Kita Mengantuk, Kita Tertawa, Maka Kita Ada


Aku pulang jam 2.42 dari kampus bersama Obenx dan Yatno.  Malam sudah sepi, jalanan lengang, hanya lampu-lampu penerang jalan masih menyala menyaksikan langit yang gelap pekat. Sudah beberapa akhir ini aku selalu pulang larut malam. Latihan sekaligus rekaman lagu di Gorong-Gorong Institute (GGI)—ada salah seorang produser yang tertarik pada aliran musik GGI, beliau meminta dibuatkan sebuah lagu untuk dijadikan soundtrack film pendeknya.
Sebelum pulang ke kos, kita bertiga mampir dulu di Burjo Pribumi, daerah Sapen. Perut sudah keroncongan di tengah dinginnya malam. Yatno pesan nasi telur, aku makan nasi orak-arik, dan Obenx minta dibuatkan mie dok-dok.
Sambil menunggu pesanan datang,  kita bertiga ngobrol di meja luar.
Ngobrol dengan mata mengantuk ternyata menyenangkan, semua yang kita bicarakan tidak ada yang nyambung. Komunikasi tidak lagi menjadi alat menyampaikan pesan, melainkan sekedar sarana untuk mengigau. Kita dalam keadaan sadar dan tidur.
Dari obrolan yang tidak nyambung itulah maka ada tawa yang lepas di antara kita bertiga.

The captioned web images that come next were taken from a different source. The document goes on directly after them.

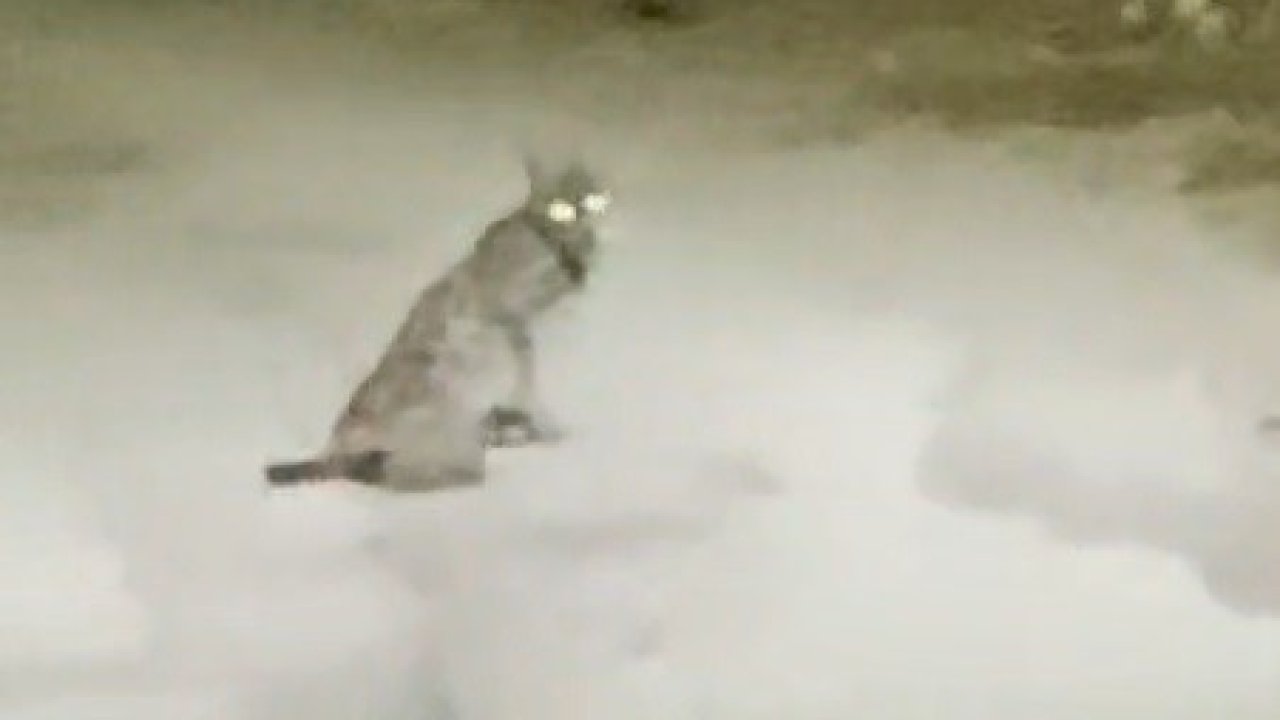 Konya’da vaşak görüntülendi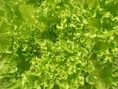 ขายผักสลัดไฮโดรโปนิกส์ราคาถูก ในซอยลาดพร้าว 71 กรุงเทพ มีผักหลากหลายชนิด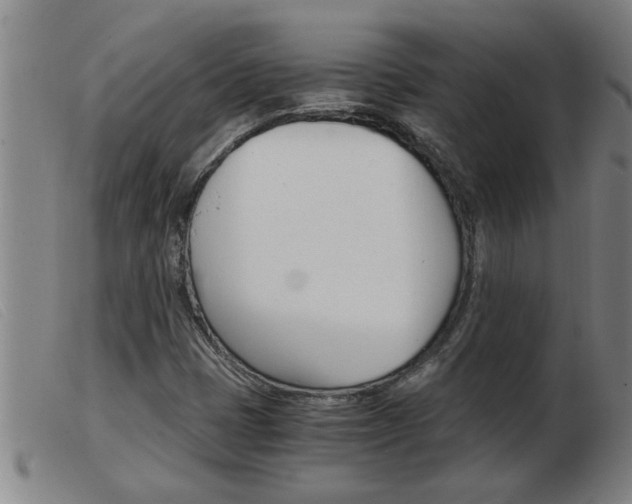 X0000103961401200809191324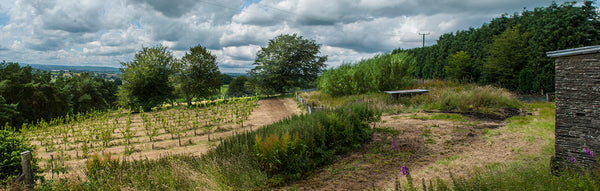 Hallets Cider in the Brecon Beacons Beckons!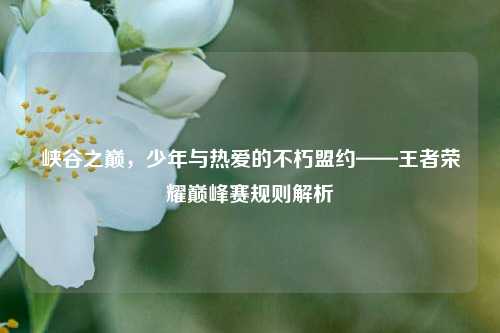 峡谷之巅,少年与热爱的不朽盟约——王者荣耀巅峰赛规则解析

Dan dari tawa itulah kita bertiga sadar tentang eksistensi diri, tentang ‘ada’-nya kita:  kita tertawa maka kita ada.
kita bertiga merasa luar biasa, sedikit bisa mebusungkan dada dan menyombongkan diri pada alam, meskipun mata masih terasa mengantuk. Artinya, kita tidak harus menunggu berpikir dulu, seperti Descartes, untuk mengetahui eksistensi dirinya. Atau ‘memilih’ (Choose)  dulu, seperti Kierkegard, untuk mengetahui bahwa dirinya ‘ada’. Atau ‘menulis’ terlebih dahulu, seperti yang sering dikatakan kawan-kawan penulis, untuk menyadari keberadaan dirinya. kita bertiga hanya cukup sekedar tertawa, maka inilah kita.

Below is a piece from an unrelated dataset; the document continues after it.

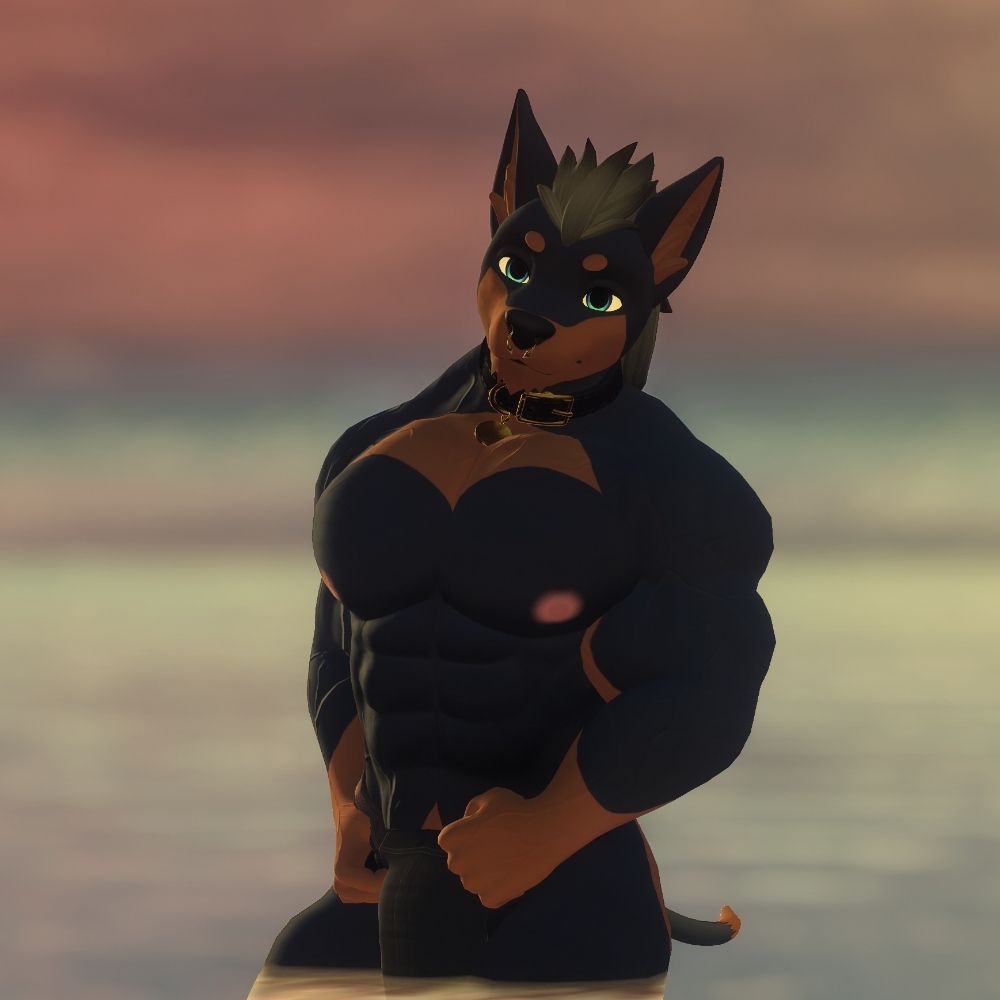 Antonio The Doberman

Namanya juga orang mengantuk, agak mirip dengan orang sedikit mabuk. Obrolan kita tentang banyak hal. Pertama, tentang perempuan yang sedang ditemani cowok di meja belakang sana, dekat tempat koki burjo memasak. Perempuan yang membuat kita bertiga benar-benar percaya bahwa empirisme tidak seratus persen benar. Dari jauh perempuan itu tampak begitu menggoda, tapi saat lewat di samping meja makan kita, sungguh tidak sesuai dengan yang Obenk pikirkan.
Kedua, tentang teman-teman yang sudah mau lulus. Tentang teman-teman yang dari kemarin berlomba-lomba menyelesaikan materi. Ingatlah, perjuangan masih belum selesai. Sebuah pesan dari Band The Panas Dalam, “Di mana ada kemauan, di situ ada jalan. Di mana ada kemaluan, di situ ada persoalan.”
Ya, hanya itu. Aku mau pulang! Eh, Ketiga, kita membicarakan tentang kita sendiri.